Attorno al pianeta-chitarra nelle sue diverse accezioni si sviluppa la nostra odierna puntata, costellata da una generosa presenza di corde in senso lato, lungo traiettorie anche molto lontane fra loro

Oggi parliamo di chitarre. Al plurale, sì: acustica ed elettrica, ovviamente, ma anche baritona, bassa, ecc. Partiamo da quella che è un po’ la formazione-tipo del pianeta a sei corde (di pianeta in effetti si tratta): il trio con basso e batteria. Lo facciamo attraverso un prodotto piuttosto tipico del filone: Live at Cape Town (NAU Records) del Roberto Cecchetto Core Trio. Le geometrie appaiono da subito lineari, familiari, con equilibri interni ottimamente oleati. Manca magari un po’ di originalità, ma comunque brani come That Evening, aperto dal solo Cecchetto e poi avviato lungo sentieri vagamente friselliani, e Gift, di struttura (ed eleganza) analoga, si fanno ascoltare con piacere.

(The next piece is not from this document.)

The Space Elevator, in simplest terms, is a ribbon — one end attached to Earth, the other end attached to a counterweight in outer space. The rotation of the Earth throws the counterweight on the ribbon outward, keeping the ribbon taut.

Per dire come le cose possano variare pur restando sempre in ambito-trio, prendiamo ora in considerazione due lavori assolutamente distanti, dal precedente ma anche fra loro. Il primo è Cups Glasses and Tanks (AUT Records) del trio Guazzaloca (Nicola, pianista) Montagne (Fabio, chitarra acustica, elettrica baritona e bassa, armonica a bocca) Mongelli (Giacomo, batteria e percussioni). Qui il terreno è molto più prossimo all’avanguardia di matrice contemporanea, con le chitarre gravi di Montagne che ricollegano spesso il dialogo a tre più a quello di un piano trio che non a qualcosa di squisitamente chitarristico. La presenza di Guazzaloca, frequentatore piuttosto assiduo di queste colonne, è garanzia di rigore e ricerca, e neppure stavolta si sgarra. Disco di sicuro spessore, mai ovvio, in cui proprio per questo i jazzofili troppo canonici potranno magari non riconoscersi granché (perdendo una buona occasione, nel caso).

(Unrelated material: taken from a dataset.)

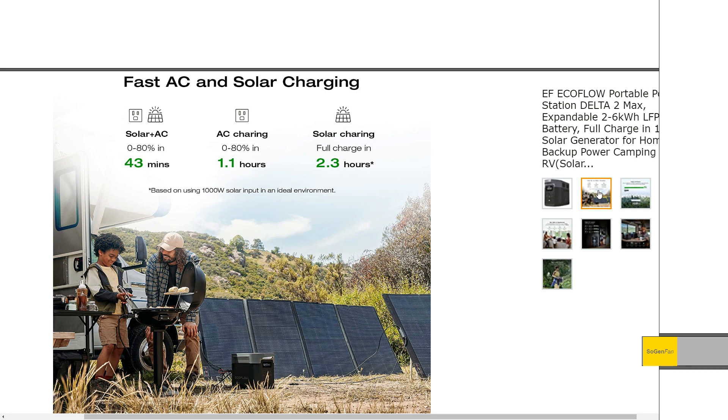EcoFlow has been doing fast charge stuff for a while, so there are no big surprises there. They mention you can combine solar and AC to do a super fast charge — 43 minutes. I wouldn't recommend doing that regularly though. Putting two kilowatt hours into this little battery in 43 minutes — yes, it's LFP, but that doesn't mean you want to abuse these batteries. This would be for emergency situations only.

C’è poi Undici cormorani (Setola di Maiale) dei Maestri Invisibili (foto in alto), alias Nicola Cattaneo e Franco Cortellessa alle chitarre acustiche (nel secondo caso di nuovo baritona e a sette corde) e il sempre ottimo Emanuele Parrini, violino. Trio strettamente cordofono, quindi, con un altro bel salto di lato rispetto al grande ceppo jazzistico. L’aria che si respira, qui, è di taglio country-ancestrale, preziosa e ben tornita, raffinata e fragrante. A voler trovare una parentela pur già di per sé perifericamente jazzistica, certi aromi, certe spezie, rimandano al glorioso String Trio of New York. Il che, detto per inciso, non è rilievo da poco.

Ancora un raddoppio delle chitarre, qui però elettriche (e quindi più in linea col trio di Cecchetto), più basso e batteria, contrassegna ZiroBop (UR Records) dell’omonimo quartetto guidato dal batterista Enzo Zirilli. Dodici i pezzi, fra originali e pagine di Monk, Jobim, Pino Daniele e altri. L’eterogeneità del materiale affrontato garantisce una felice articolazione complessiva, non senza qualche bizzarra trovata (tipo i due fulminanti divertissement iniziali). Disco che, a dispetto di qualche episodio un po’ più canonico, si fa ascoltare con gusto.

Con una delle due chitarre sostituita dal robusto sax tenore e baritono di Yuri Argentina (e ospiti sparsi qua e là lungo gli otto brani), eccoci a un altro quartetto, Urban Killas, protagonista di Down on Earth (AUT), album solcato da palpabili venature rock (alla chitarra è Andrea Vedovato), ma anche etniche e sperimentali, talora materico, nervoso, persino lancinante (per esempio nell’ottimo Circus, uno dei due brani in cui si unisce il rotondo trombone di Tony Cattano). Eterogeneo a volte, intenso sempre.

 

Più calibrato e concettuale, ma su temperature a loro volta vitali, si sviluppa The Roots of Unity (Dodicilune), opera di un terzo quartetto (vedi foto sopra), però dalle geometrie assolutamente dissimili. Lo guida il chitarrista barese Rino Arbore (suoi tutti i brani, in un lavoro in cui la componente compositiva è quanto mai centrale), con la tuba (o il serpentone) di Michel Gadard in luogo del basso canonico, più sax alto (il tagliente Mike Rubini, qua e là anche al flauto) e batteria. Un’estetica che non disdegna terreni già battuti da un Threadgill o un Berne (cosa c’è di più alto, del resto, nel jazz di oggi?), però con chiari tratti originali, contrassegna uno dei lavori più stimolanti usciti in Italia negli ultimi mesi, per quanto non esente da episodiche cadute di tensione. Ne attendiamo curiosi il seguito. 

E chiudiamo con un album in sestetto, Zero Brane (AUT) del debuttante chitarrista potentino (ma fiorentino d’adozione) Matteo Tundo, capace di coinvolgervi musicisti veramente notevoli quali il già incontrato Parrini, Piero Bittolo Bon, sax alto e clarinetto, e il tastierista Simone Graziano. Il risultato è un lavoro di tono neanche troppo dissimile dal precedente, forse solo lievemente meno definito circa la linea da seguire. Tundo ha del resto appena ventitre anni, e di certo tutta la stoffa per dire una sua parola nel panorama jazzistico nazionale. Non gli mancano originalità e idee, il che significa essere già a metà del guado.